Nice Hasan Saka’lar bu ülkede yaşayıp göçtüler…

YAYINLAMA: 18 Ağustos 2015 / 20.00 | GÜNCELLEME: 18 Ağustos 2015 / 20.00

       İnsanoğlu durduk yerde olgunlaşmıyor; meyve, sebze gibi…  Meyve olsun, sebze olsun, köklerinden emdiği gıdasını gün ışı ile buluşturunca olgunluk kıvamına erişiyor. Onların da kendilerine göre güzeli/yararlıyı arama/bulma, ona yönelme eğilim/sevdası/tutkusu olduğunu sanıyorum. Öyle olmasa vazomdaki çiçekleri pencereden gelen güneş ışığına niçin yönelsin ki?

      İnsanoğlu tabii ki çok farklı…

      Yüce Allah’ın tüm yarattıklarından daha farklı kıldığı, akılla donattığı insanın   erdemli olma sorumluluğu”nu ona verdiği akılla omuzlarına yüklemiş bulunuyor.  İnsan işte böyle bir sorumluluğu yaşamı boyunca duyar. İnsana/insanlığa yararlı olma heyecanını benliğinde yaşadığı/yaşattığı sürece de dikkat çeker, olgunlaşır, farklı bir kimlik olarak topluma ışık saçar, yön gösterir.

***

      Cumhuriyet’in kuruluş döneminden de önce olgun/yetkin kişiliğiyle toplumumuza deniz feneri olmuş bir kimliktir Hasan Saka…  Ülkemizin yetiştirdiği değerli devlet adamı Saka, 1886 yılında Trabzon’da doğdu. İstanbul Mercan İdadisi’ni, ardından 1908’de Mülkiye Mektebi’ni bitirdi. 1909’da yüksek öğrenim için Fransa’ya gönderildi ve burada “Libre des Sciences Politique”i  bitirdi. Mektebi Mülkiye’de iktisat/ekonomi dersleri okuttu. Trabzon mebusu/milletvekili olarak son Osmanlı “Meclis-i Mebusan”ında bulundu. İşgal kuvvetlerinin bu Meclis’i kapatması üzerine, Ankara’da kurulan yeni hükümetin çağrısı üzerine Trabzon milletvekili olarak Büyük Millet Meclisi’ne katıldı. 1921 yılında maliye,  daha sonra iktisat ve ticaret vekili/bakanı oldu.

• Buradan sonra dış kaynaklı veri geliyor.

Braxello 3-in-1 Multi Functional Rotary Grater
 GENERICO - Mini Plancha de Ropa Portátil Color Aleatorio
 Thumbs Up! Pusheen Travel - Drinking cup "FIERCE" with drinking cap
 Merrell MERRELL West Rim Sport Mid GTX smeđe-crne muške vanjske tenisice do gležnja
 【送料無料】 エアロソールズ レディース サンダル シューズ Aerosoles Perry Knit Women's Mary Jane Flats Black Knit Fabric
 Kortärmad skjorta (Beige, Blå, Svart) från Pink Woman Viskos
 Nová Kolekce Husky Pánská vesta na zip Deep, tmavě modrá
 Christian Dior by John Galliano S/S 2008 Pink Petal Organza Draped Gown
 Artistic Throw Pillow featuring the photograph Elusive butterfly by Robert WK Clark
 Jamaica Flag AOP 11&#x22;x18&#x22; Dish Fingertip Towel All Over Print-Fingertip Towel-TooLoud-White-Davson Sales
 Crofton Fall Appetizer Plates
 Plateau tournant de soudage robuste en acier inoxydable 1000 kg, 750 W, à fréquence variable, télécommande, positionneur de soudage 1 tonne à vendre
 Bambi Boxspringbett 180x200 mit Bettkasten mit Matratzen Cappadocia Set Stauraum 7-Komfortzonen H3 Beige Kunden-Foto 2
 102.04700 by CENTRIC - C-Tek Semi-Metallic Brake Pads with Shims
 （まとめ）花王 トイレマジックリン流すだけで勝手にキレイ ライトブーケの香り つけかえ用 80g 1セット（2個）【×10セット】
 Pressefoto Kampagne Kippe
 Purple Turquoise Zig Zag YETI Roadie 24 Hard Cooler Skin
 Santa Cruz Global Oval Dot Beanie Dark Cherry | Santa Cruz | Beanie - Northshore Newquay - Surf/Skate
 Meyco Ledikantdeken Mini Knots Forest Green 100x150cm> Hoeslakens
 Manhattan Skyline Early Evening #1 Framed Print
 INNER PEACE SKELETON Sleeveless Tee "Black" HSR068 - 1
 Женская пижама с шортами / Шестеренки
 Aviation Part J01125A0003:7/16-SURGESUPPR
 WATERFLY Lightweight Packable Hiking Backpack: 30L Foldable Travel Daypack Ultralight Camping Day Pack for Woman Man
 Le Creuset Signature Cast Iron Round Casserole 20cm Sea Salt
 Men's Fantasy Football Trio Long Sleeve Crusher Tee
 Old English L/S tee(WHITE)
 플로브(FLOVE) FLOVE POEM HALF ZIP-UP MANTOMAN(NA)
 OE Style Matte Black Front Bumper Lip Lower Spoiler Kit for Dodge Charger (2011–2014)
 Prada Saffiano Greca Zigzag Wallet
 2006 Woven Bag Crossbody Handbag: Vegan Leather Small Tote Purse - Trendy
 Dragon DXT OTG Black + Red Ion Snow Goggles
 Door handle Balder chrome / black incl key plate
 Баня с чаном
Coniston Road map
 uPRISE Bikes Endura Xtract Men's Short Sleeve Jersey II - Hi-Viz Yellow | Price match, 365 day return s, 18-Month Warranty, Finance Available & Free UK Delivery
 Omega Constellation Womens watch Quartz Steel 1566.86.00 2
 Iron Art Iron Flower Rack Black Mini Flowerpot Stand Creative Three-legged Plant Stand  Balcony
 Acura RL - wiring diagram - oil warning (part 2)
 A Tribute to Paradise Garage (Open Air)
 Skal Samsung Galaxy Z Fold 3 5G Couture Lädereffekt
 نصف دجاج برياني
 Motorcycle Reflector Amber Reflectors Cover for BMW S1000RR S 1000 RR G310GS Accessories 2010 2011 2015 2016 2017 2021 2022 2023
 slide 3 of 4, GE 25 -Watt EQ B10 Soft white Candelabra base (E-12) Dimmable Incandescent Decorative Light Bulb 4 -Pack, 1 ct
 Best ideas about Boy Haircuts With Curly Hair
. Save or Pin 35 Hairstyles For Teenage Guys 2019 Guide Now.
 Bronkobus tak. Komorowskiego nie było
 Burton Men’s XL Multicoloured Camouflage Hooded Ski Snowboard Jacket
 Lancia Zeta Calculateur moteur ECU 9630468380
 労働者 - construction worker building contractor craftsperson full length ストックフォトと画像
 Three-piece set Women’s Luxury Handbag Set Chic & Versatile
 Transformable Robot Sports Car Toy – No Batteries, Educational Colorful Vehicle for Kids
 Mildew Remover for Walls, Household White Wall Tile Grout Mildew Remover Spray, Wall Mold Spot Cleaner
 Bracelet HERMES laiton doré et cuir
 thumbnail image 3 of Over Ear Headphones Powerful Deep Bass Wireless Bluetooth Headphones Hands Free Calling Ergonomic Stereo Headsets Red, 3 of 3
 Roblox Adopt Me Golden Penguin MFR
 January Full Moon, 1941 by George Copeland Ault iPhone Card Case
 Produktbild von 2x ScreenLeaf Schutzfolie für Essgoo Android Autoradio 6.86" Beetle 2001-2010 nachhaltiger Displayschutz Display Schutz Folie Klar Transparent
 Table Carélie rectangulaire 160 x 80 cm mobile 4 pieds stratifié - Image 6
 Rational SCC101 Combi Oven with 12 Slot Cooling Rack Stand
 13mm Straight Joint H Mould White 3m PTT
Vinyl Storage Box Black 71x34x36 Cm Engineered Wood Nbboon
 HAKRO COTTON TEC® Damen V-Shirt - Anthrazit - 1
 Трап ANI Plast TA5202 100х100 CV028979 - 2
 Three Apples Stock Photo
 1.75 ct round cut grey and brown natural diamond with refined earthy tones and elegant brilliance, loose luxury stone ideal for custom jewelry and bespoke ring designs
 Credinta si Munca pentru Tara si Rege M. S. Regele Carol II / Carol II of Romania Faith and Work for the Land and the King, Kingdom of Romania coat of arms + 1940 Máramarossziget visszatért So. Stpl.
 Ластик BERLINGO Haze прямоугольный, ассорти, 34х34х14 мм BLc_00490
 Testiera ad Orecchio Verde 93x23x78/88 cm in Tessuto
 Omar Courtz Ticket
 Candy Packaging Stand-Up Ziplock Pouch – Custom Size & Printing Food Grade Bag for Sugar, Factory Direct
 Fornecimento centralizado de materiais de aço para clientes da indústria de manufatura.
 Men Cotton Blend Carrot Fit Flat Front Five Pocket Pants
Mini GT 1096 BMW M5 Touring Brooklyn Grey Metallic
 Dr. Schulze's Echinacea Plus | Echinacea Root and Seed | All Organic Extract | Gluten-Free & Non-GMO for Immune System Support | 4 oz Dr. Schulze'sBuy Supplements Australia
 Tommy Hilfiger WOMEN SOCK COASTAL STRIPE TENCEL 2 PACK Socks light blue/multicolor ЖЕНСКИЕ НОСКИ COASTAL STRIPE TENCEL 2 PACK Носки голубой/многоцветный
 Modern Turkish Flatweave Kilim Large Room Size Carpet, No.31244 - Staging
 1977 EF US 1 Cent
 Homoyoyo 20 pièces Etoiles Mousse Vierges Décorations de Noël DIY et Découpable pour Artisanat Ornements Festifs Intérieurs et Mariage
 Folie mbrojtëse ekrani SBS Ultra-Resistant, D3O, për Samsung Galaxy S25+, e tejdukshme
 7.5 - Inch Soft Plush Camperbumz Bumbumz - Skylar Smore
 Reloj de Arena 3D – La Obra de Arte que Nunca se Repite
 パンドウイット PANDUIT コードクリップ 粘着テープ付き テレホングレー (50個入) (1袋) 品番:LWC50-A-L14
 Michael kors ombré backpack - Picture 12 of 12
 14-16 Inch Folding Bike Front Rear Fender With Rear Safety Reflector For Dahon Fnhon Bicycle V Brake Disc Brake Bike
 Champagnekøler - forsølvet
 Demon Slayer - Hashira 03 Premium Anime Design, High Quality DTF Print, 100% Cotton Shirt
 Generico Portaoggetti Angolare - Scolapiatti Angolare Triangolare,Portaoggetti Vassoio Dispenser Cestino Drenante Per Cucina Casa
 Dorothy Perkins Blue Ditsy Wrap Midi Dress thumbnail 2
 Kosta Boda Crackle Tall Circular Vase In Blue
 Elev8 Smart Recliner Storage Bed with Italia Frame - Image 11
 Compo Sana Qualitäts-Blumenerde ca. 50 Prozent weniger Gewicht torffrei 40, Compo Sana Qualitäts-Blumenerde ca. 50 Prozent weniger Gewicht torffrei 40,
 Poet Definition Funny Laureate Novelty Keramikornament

      İsmet (İnönü) Paşa’nın başkanlığını yaptığı “Lozan Konferansı Heyeti”nde bulundu.  1925  yılında  tekrar Maliye Bakanı oldu. 1926 yılında TBMM Başkan vekilliğine seçildi.

      1942’de Dışişleri Bakanı oldu. 4 Eylül 1947’de Başbakanlık görevini üstlenip ilk kabinesini, ardından 1 Haziran 1948’de ikinci defa hükümeti kurdu.

      CHP’nin çeşitli kademelerinde görev yaptı ve 29  Temmuz 1960 tarihinde İstanbul’da yaşama veda etti.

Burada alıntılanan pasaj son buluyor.